Ohgr Devils in My Details Review

Artist: Ohgr
Album: Devils in My Details
Genre(s): Industrial
Subgenres(s): Electro-industrial
Released: 2008
Length: 42 minutes
Language(s): English
Label(s): Synthetic Symphony

Track List:

01. Shhh
02. Eyecandy
03. Three
04. Feelin’ Chicken
05. Pepper
06. D.Angel
07. Psychoreal
08. Whitevan
09. Timebomb
10. Smogharp
11. Witness

Ohgr Devils in My Details Cover

Devils in My Details is the third album by industrial act Ohgr. After 5 years the duo of Nivek Ogre and Mark Walk return with something unlike anything else in the industrial scene, or elsewhere for that matter. Devils in My Details is a concoction of aggressive marching drums, noise, extensive sound processing and demented vocalisations that have all been mixed into 1 bizarre auditory cocktail.

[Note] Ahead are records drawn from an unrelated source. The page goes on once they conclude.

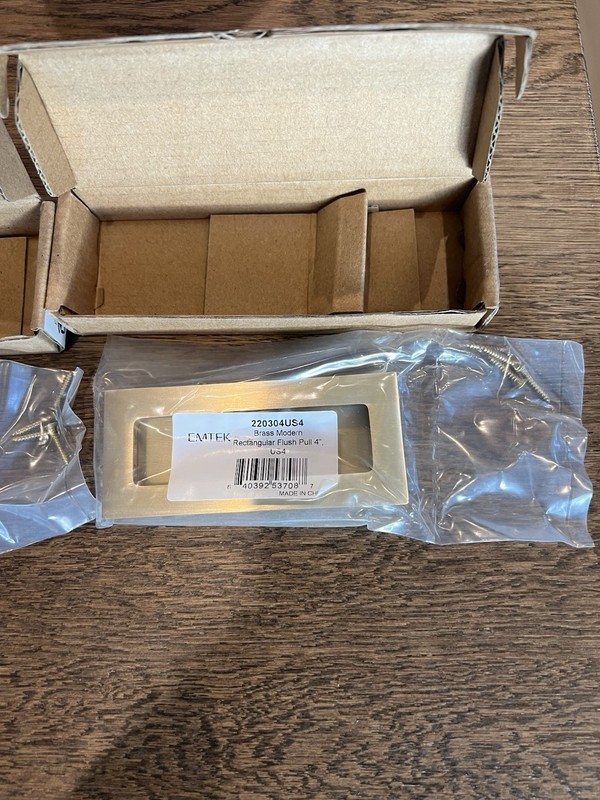 Emtek Modern 4" Rectangular Flush Door Pull - Satin Brass - Brand New - LOT OF 2 gallery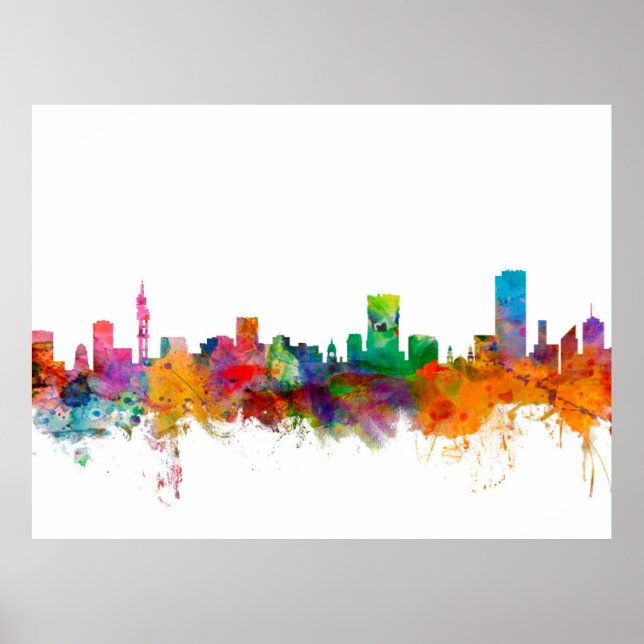 Póster Skyline de Pretoria Sudáfrica (Frente)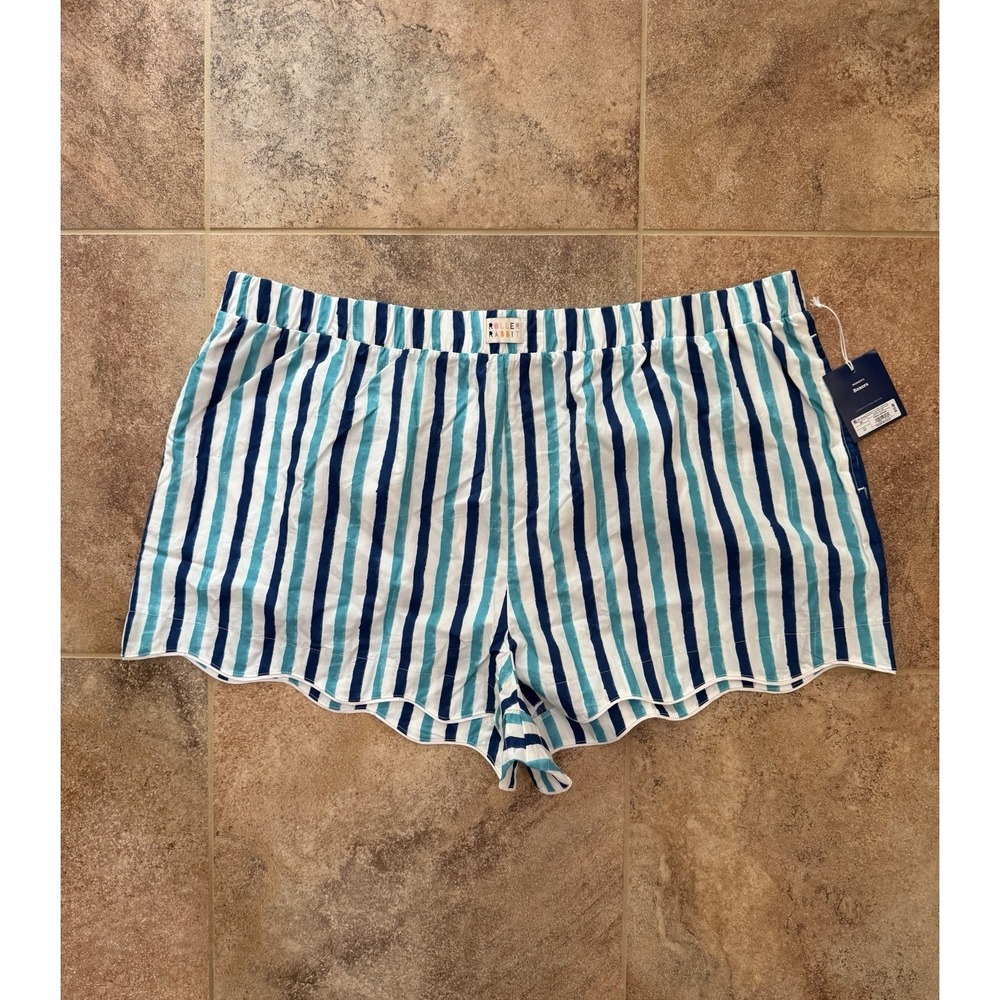 Roller Rabbit Womens x Target Poplin Boxer Pajama Shorts Sz 3X NWT Blue Striped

Actor Bill Mosley finds himself being dragged into the middle of this otherworldly album to perform disenchanted spoken word verses of his own design on songs 4, 7, 9, 10 and 11 while being the most human sounding part of the entire album.

Several songs are linked together with short interludes that grow out of the ever changing soundscapes to create longer, multipart songs. You will find this makes it much easier to find individual parts to listen to, which can be a problem with lengthy songs written by other artists. The only drawback to this is that you will feel like you’ve started listening to a song from the middle instead of the beginning if you do this.

Ohgr changes faces many times on Devils in My Details and never stays in a single place for long. This makes it impossible to get a clear picture of what the album is about from hearing a single song and is best experienced as the sum of its parts rather than individual pieces.

Devils in My Details is as unconventional as it is difficult to digest if you’re unacquainted with industrial music. The scope of vision and creativity used to create Devils in My Details is particularly wide and sounds like nothing else past or present. It is essential listening for industrial enthusiasts and anyone willing to experience something that takes more than a few steps outside the box.